* Task prompt:
Would you write out the entries below, every one of them, exactly?

* Material supplied:
- Opening Delimiter -

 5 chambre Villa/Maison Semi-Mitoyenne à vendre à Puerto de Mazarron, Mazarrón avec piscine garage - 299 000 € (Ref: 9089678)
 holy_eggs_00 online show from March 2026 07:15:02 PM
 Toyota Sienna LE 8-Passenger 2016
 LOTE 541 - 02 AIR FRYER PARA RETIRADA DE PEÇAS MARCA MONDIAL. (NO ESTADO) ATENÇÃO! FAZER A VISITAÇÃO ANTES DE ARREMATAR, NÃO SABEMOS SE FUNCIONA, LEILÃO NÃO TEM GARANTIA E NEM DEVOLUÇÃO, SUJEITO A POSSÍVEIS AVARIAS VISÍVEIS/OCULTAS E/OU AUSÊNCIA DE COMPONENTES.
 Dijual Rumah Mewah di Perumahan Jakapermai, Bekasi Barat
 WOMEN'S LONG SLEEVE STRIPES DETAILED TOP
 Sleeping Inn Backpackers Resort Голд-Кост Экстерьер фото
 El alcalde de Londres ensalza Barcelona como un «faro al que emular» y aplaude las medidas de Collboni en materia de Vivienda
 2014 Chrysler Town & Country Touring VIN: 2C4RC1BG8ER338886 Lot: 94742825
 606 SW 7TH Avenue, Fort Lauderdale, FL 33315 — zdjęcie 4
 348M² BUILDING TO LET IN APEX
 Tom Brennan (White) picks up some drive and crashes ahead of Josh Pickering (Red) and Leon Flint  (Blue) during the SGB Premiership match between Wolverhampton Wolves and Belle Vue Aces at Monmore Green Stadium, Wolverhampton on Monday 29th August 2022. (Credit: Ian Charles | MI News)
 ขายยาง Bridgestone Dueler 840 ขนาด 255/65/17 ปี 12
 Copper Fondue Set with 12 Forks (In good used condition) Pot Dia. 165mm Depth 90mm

- Closing Delimiter -

* Answer for this exercise:
 5 chambre Villa/Maison Semi-Mitoyenne à vendre à Puerto de Mazarron, Mazarrón avec piscine garage - 299 000 € (Ref: 9089678)
 holy_eggs_00 online show from March 2026 07:15:02 PM
 Toyota Sienna LE 8-Passenger 2016
 LOTE 541 - 02 AIR FRYER PARA RETIRADA DE PEÇAS MARCA MONDIAL. (NO ESTADO) ATENÇÃO! FAZER A VISITAÇÃO ANTES DE ARREMATAR, NÃO SABEMOS SE FUNCIONA, LEILÃO NÃO TEM GARANTIA E NEM DEVOLUÇÃO, SUJEITO A POSSÍVEIS AVARIAS VISÍVEIS/OCULTAS E/OU AUSÊNCIA DE COMPONENTES.
 Dijual Rumah Mewah di Perumahan Jakapermai, Bekasi Barat
 WOMEN'S LONG SLEEVE STRIPES DETAILED TOP
 Sleeping Inn Backpackers Resort Голд-Кост Экстерьер фото
 El alcalde de Londres ensalza Barcelona como un «faro al que emular» y aplaude las medidas de Collboni en materia de Vivienda
 2014 Chrysler Town & Country Touring VIN: 2C4RC1BG8ER338886 Lot: 94742825
 606 SW 7TH Avenue, Fort Lauderdale, FL 33315 — zdjęcie 4
 348M² BUILDING TO LET IN APEX
 Tom Brennan (White) picks up some drive and crashes ahead of Josh Pickering (Red) and Leon Flint  (Blue) during the SGB Premiership match between Wolverhampton Wolves and Belle Vue Aces at Monmore Green Stadium, Wolverhampton on Monday 29th August 2022. (Credit: Ian Charles | MI News)
 ขายยาง Bridgestone Dueler 840 ขนาด 255/65/17 ปี 12
 Copper Fondue Set with 12 Forks (In good used condition) Pot Dia. 165mm Depth 90mm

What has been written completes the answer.